Madame Secretary: A Memoir

In winding up her far-ranging autobiography, Madeleine Albright tells us with amusement that once, after leaving office as U.S. Secretary of State, she was mistaken in public for Margaret Thatcher.

It's worth a chuckle to the reader --- but there are indeed interesting similarities between the two women, even though their political leanings are light-years apart. They both reached the highest rank ever attained by a woman in their respective democratic governments, were fiercely partisan political figures, and held very strong opinions and were never afraid to battle for them (Albright's favorite expression for this is that she never hesitated to "push back" at those who opposed her).

Albright is best known for serving as U.S. ambassador to the UN in the first Clinton term, and as Secretary of State in the second. Readers of this book will learn in detail about the early years and long political apprenticeship that led up to those two high-profile jobs. They will also learn, in perhaps more detail than they care to absorb, about the many foreign policy crises in which she was a major player under Clinton.

The other thing about Albright that most people will recall is that only after she became Secretary of State did she learn that her family ancestry was Jewish --- that three of her grandparents had died in Nazi concentration camps. This personal revelation is duly covered but not dwelled upon in extraordinary detail.

Her life, though unsettled due to wartime exigencies, was not a rags-to-riches tale. She was born Marie Jana Korbel in Prague into a comfortably situated family. Her father was a respected Czech diplomat and college professor. Fleeing the Nazis, the family spent time in England during World War II. They arrived in the United States when she was 11, and her father took a teaching job in Denver. She entered Wellesley College in 1955 and became an American citizen two years later. She married into a wealthy and well-connected American family in 1959. Her first political idol and mentor was Edmund Muskie, in whose doomed presidential campaign she took part. After the breakup of her marriage, her career in government and politics took off during the Carter presidency, her only personal setback being a painful divorce in 1983.

This is all dispatched in the first 100 pages or so of her lengthy book. The rest of it details her UN and State Department years with a thoroughness that seems at times compulsive. All the heroes and villains of those years pass in review --- Carter, Havel, Milosevic, Helms, Clinton, Putin, Arafat, Barak. The complexities of Rwanda, Serbia, Kosovo, the Middle East, Somalia and other trouble spots are laid out in prose that can get ponderous --- but her incisive personal portraits of these people lighten the mood.

Albright makes no pretense to real objectivity. She is a committed Democrat who admired both Carter and Clinton, and she defends them against all the charges that have been flung at them by their opponents. She defends such controversial actions as Clinton's successful ousting of Boutros Boutros-Ghali as Secretary General of the UN, and his policy of opening up trade with China and warily seeking a somewhat civil relationship with North Korea. Her two biggest regrets are the failure of the UN to stop genocide in Rwanda and Clinton's failure to forge a solid peace agreement between Israel and the Palestinian Authority (in that regard, while gently critical of Israel on occasion, she holds Arafat mainly responsible for the breakdown). The two biggest villains in her cast of characters, not surprisingly, are Arafat and Milosevic.

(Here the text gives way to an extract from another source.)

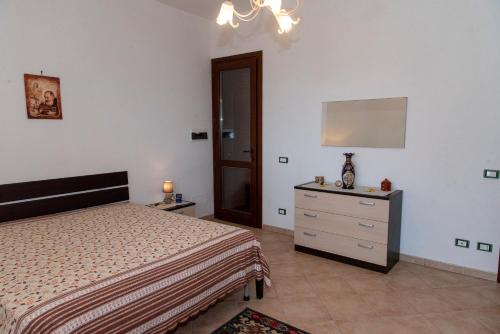 a bedroom with a bed and a dresser and a mirror at Il Rustico di Pino in Custonaci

There is naturally a strong feminist slant to her narrative. There is also a vein of sharp observation, character analysis, and even humor. The writing, when not bogged down in the minutiae of crisis management, can be bright, though we are left to wonder how much of the credit is hers and how much belongs to her collaborator, Bill Woodward.

Mercifully, Monica Lewinsky remains a bit player in Albright's narrative. Two other things, perhaps more important, are also missing: detailed assessments of the effect of the 9/11 tragedy on America's global course and the George W. Bush administration. Those would have made an already long book longer, but one wishes she had covered them anyway.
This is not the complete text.